Quoiqu’il fût admis, en fait, que le gouvernement d’une province fût un moyen tout naturel de faire fortune, les magistrats y mettaient ordinairement, sans doute, un peu plus de réserve que Verrès, et se montraient moins larges, soit pour eux-mêmes, soit surtout pour les publicains placés sous leur autorité.
Faut-il aller jusqu’à dire, avec Cicéron, dans la seconde Verrine, que cette alliance odieuse que nous allons voir entre publicains et magistrats, fut un fait exceptionnel ? Nous savons bien que non. Et cependant le grand orateur disait : « C’est porter une accusation grave et véhémente, et inouïe depuis qu’existent les poursuites de repetundis, que d’inculper un très grave préteur du peuple romain d’avoir fait société avec les publicains[457]. » Il disait évidemment le contraire de la vérité, au moins pour l’époque où les tribunaux appartenaient aux chevaliers. Cicéron lui-même, redevenu plus sincère, le déclare dans un autre passage des mêmes Verrines que nous avons déjà cité[458].
[457] « Grave crimen est hoc, et vehemens, et post hominum memoriam, judiciaque de pecuniis repetundis constituta, gravissimum prætorem populi Romani socios habuisse decumanos. »
[458] Cicéron, Verr., act. II, lib. III, no XLI.
Les magistrats faisaient trop rapidement d’immenses fortunes en province, pour se montrer fort scrupuleux sur le choix des moyens. Celui-ci était si commode et si naturel qu’il dut être employé quelquefois, et qu’il devint probablement ordinaire. Cicéron lui-même, préteur en Cilicie, n’a pas dû être toujours très farouche contre des hommes qu’il flatte à tout instant dans ses discours et auxquels il ne cesse de s’intéresser auprès de sa famille et de ses amis dans ses lettres[459]. Du moins il agissait salvis legibus ; et quelques-uns de ses collègues devaient rester dans leurs rapports avec Rome, comme lui, dans la légalité ; c’est un soin que Verrès et bien d’autres, sans doute, ne se donnèrent même pas.
[459] Voy. d’Hugues, Une province romaine sous la République. Cicéron, Ad attic., XI, 1 ; Ad familiares, V, 20.
Voyons d’abord de quoi se composent les textes de la législation en Sicile ; nous entrerons, ensuite, dans les détails de ce que ces dispositions contenaient d’intéressant pour nous sur les juridictions, la procédure, les moyens de preuve et l’exécution.

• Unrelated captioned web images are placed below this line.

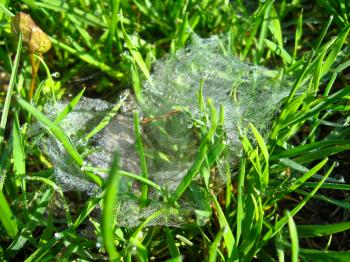 the image of beautiful web in the green grass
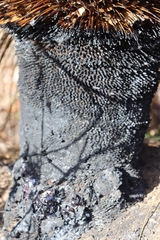 Xanthorrhoea preissii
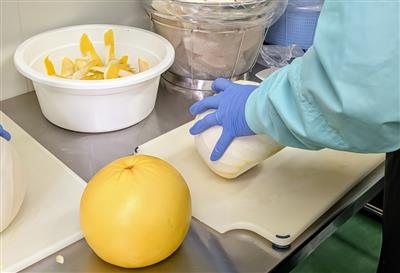 晩白柚の皮むき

1o Législation sicilienne. Actes de gouvernement. L’édit. Les lois. La lex Censoria. — Le premier acte d’un magistrat arrivant en province devait être, on le sait, de publier son édit[460]. C’était un acte de puissance propre, puisque l’édit pouvait suppléer aux lois et les corriger.
[460] On sait quelle est l’importance du rôle de l’édit provincial, dans l’histoire de la formation du droit romain. Il serait déplacé d’en faire ici l’apologie ; mais nous pouvons rappeler qu’il a été l’un des plus remarquables éléments de progrès dans les lois civiles de l’époque classique.
Le gouverneur avait aussi droit de vie et de mort sur les habitants de la province ; il pouvait, en outre, imposer des taxes de son chef[461] pour les besoins de son gouvernement ou pour ceux de la République.